Authentication - API Keys & Security
Real-time email validation for clean data
Secure Bearer Token Implementation
VeriMail enforces stateless authentication using HMAC-SHA256 signed Bearer tokens. Every request to our validation endpoints must include your active key in the `Authorization` header to maintain audit compliance and prevent unauthorized payload injection.
Generate production and staging keys directly from the VeriMail Control Panel under Settings > API Access. Each key is scoped to a specific workspace and carries a default rate limit of 12,000 requests per minute. For enterprise deployments, attach IP allowlists to restrict token resolution to your infrastructure ranges, such as `203.0.113.0/24` or `198.51.100.45`. Tokens are never logged in plain text; our gateway validates cryptographic signatures and returns a `401 Unauthorized` response if the header format deviates from `Bearer vm_live_[32-char-alphanumeric]`.

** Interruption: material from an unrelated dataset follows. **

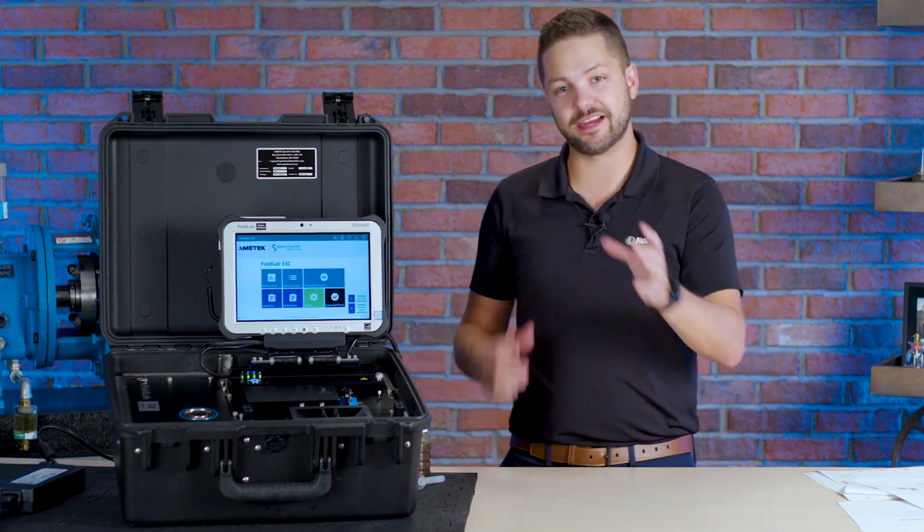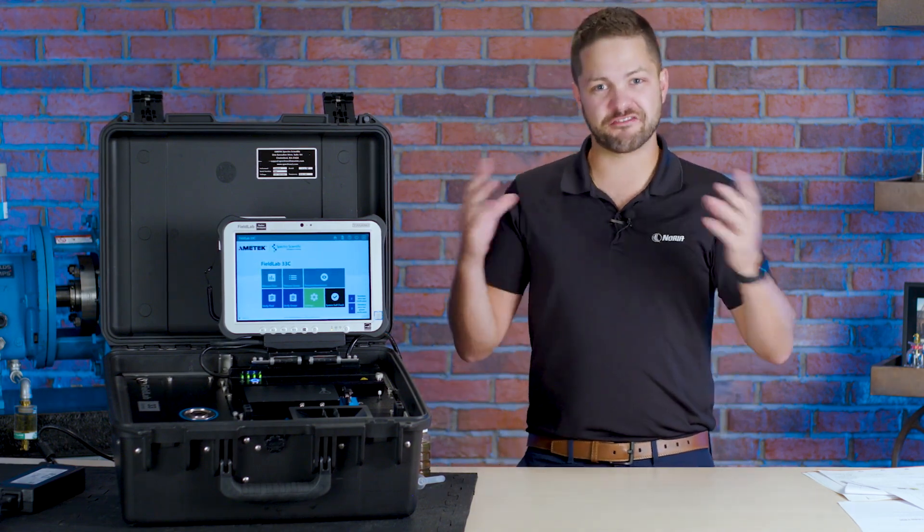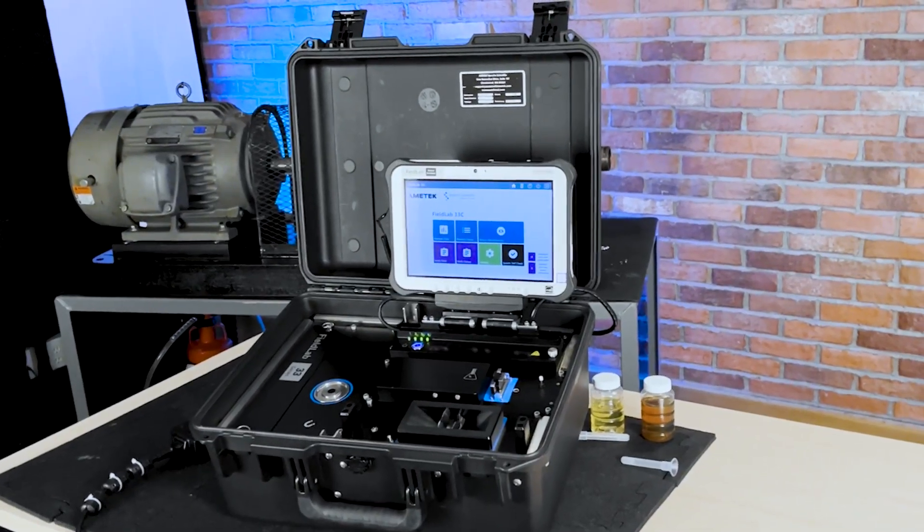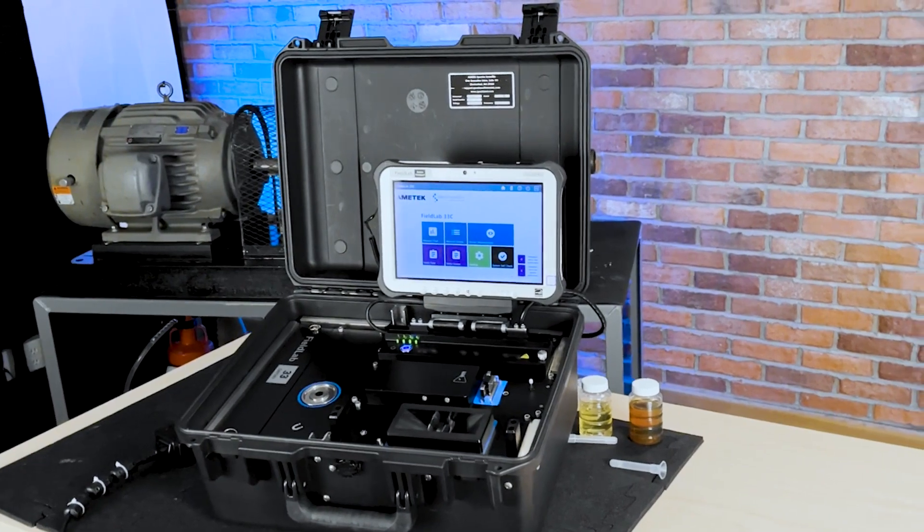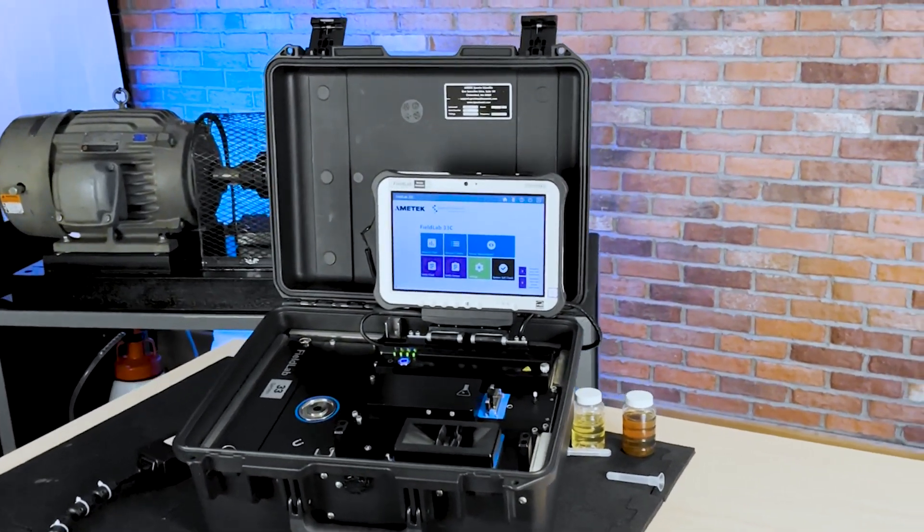That is an on-site analysis just like it says Fieldlab including a viscometer, chemistry testing, ferrous density meter, all into one device.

Manage Keys in DashboardKey Rotation & Access Controls
Maintain strict control over validation traffic by implementing automated rotation schedules, environment isolation, and continuous monitoring of anomalous request patterns.
90-Day Key Rotation
Schedule quarterly credential updates using our webhook trigger system. When you generate a replacement key, the previous token remains valid for a 72-hour grace window to prevent service disruption during deployment pipelines.
Environment Isolation
Never share production tokens with development workflows. VeriMail prefixes live credentials with `vm_live_` and test credentials with `vm_test_`. Our routing layer automatically rejects `vm_test_` tokens against production validation queues to safeguard monthly quota allocations.
Automated Revocation
Integrate key lifecycle management with your CI/CD security scanners. If a token is exposed in a public repository or fails IP allowlist validation for more than 50 consecutive requests, our threat detection engine automatically suspends the credential and alerts your security team via Slack or PagerDuty.